If your grandmother smoked, you may be more likely to have asthma — even if your mother didn’t smoke. That’s the finding written by two Los Angeles Biomedical Research Institute researchers just published in the March edition of the Review of Obstetrics & Gynecology. John S. Torday and Virender K. Rehan reported the results of Dr. Rehan’s rat studies, which involved exposing the pregnant rodents to nicotine, the active ingredient in cigarettes.
The “smoking” rats gave birth to litters that had a greater chance of developing asthma. However, what’s new is that when those rats grew up, even if they were not exposed to nicotine, their pups were also more likely to develop asthma.
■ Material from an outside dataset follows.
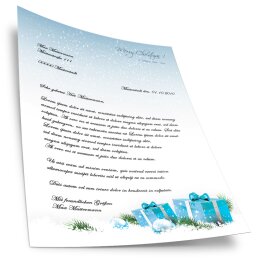 20 fogli di carta da lettera decorati Natale REGALI DI NATALE BLU DIN A4 - Paper-Media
According to his biography on the Harbor-UCLA Pediatrics website, Dr. Rehan, a professor of pediatrics, has published numerous studies on newborn baby lung health, including other studies on the link between smoking and asthma.
Previous studies have long shown that if your mother smoked, then you’re more likely to have asthma. For example, Dr. Erika von Mutius published a study in the The Journal of Allergy and Clinical Immunology over a decade ago demonstrating that “exposure to tobacco smoke in utero significantly increases asthma risk.”
This well-established science is why OB/GYNs try to encourage mothers-to-be to give up smoking. And it’s easy to see why the baby’s developing lungs are affected by direct content in the womb with the nicotine in the mother’s cigarettes.
The claim that a grandmother’s smoking can affect a grandchild’s chances of developing asthma are a little more controversial, since they challenge some established opinions about genetic inheritance. Torday and Rehan believe that the nicotine actually changes the genetic material of the developing baby. Therefore, even if that baby doesn’t smoke, when she grows up, she can still pass on the susceptibility to asthma to her own child.
“Twelve percent of women in the USA continue to smoke during pregnancy, resulting in the birth of at least 400,000 smoke-exposed infants yearly in the USA alone,” Torday and Rehan wrote. If their new “smoking grandmother” study holds up, it means that women who smoke when expecting may be harming not just their own children but future generations.